Quote:
Originally Posted by orphanaudio The first Quad Eight consoles were supposedly made with Electrodyne modules that had a "Q" engraved above the Electrodyne "E". Robert Bud hand built quite a few audio mixers when he ran QE as a small consulting and custom film equipment design firm, some years before the company began officially building custom film dubbing consoles.
I know of nothing that survived from these small custom mixers, so this claim will be hard to prove. The Electrodyne opamps, internal levels and gain staging were very different from what QE built in their first full size consoles, although cosmetically and functionally they were very close to Electrodyne. |
Hi Ken,
Not so hard to prove. I have modules from 3 different consoles (two MM61's being from the Hollywood Bowl console) branded Q8 that have all Electrodyne components inside! Two of my friend also have many of these modules from the Hollywood Bowl console as well. If you open up some of the MM71 or MM61 modules you will see Edyne transformers and cards. Some will have edyne A1000 or A2000 op amps and some have the Q8 AM3 op amps.

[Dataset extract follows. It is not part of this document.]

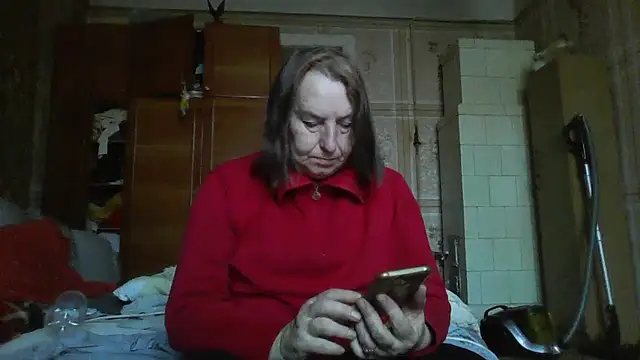 AnnaLive570 online show from 10-22-25, 08:25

Besides when I wrote the article, Don King was working for Edyne at the time this was all going on and he's the one who told me of the "incident" that happened.

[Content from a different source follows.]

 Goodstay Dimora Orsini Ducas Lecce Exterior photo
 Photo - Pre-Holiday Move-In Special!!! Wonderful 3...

I should send you a copy of the fine CD that Don gave me detailing the history of these companies. In fact if it wasn't over an hour long I'd post it on my sight... come to think of it I might just do that anyway...
It begins..."Virginia, there were two Electrodynes, the first one...

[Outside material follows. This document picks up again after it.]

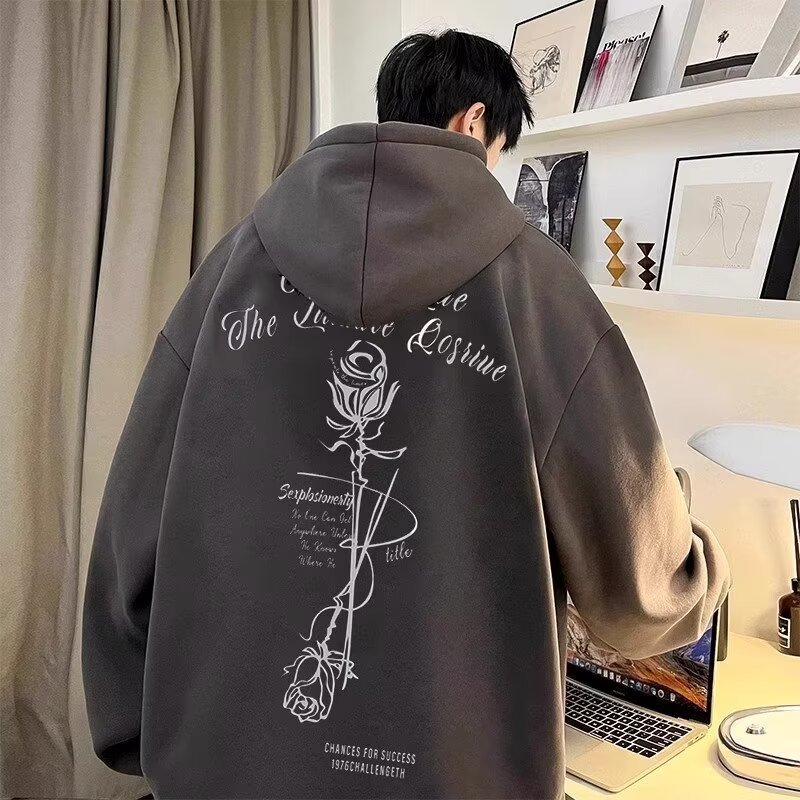 짙은 회색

A short aside, one year in the late 70's we were playing a Club in upstate NY called the Hullablew... in walks the Dixie Dregs to celebrate Steve Morse's birthday, needless to say we were up till 6AM parting the night away, it was a scene out of a rock and roll movie as the owner of the club had a pet tiger that roamed the room, there were half naked girls (and some totally), there was so much dope smoked and so much blow that night, it was crazy... I'm surprised I can actually remember it. It certainly was a different time then!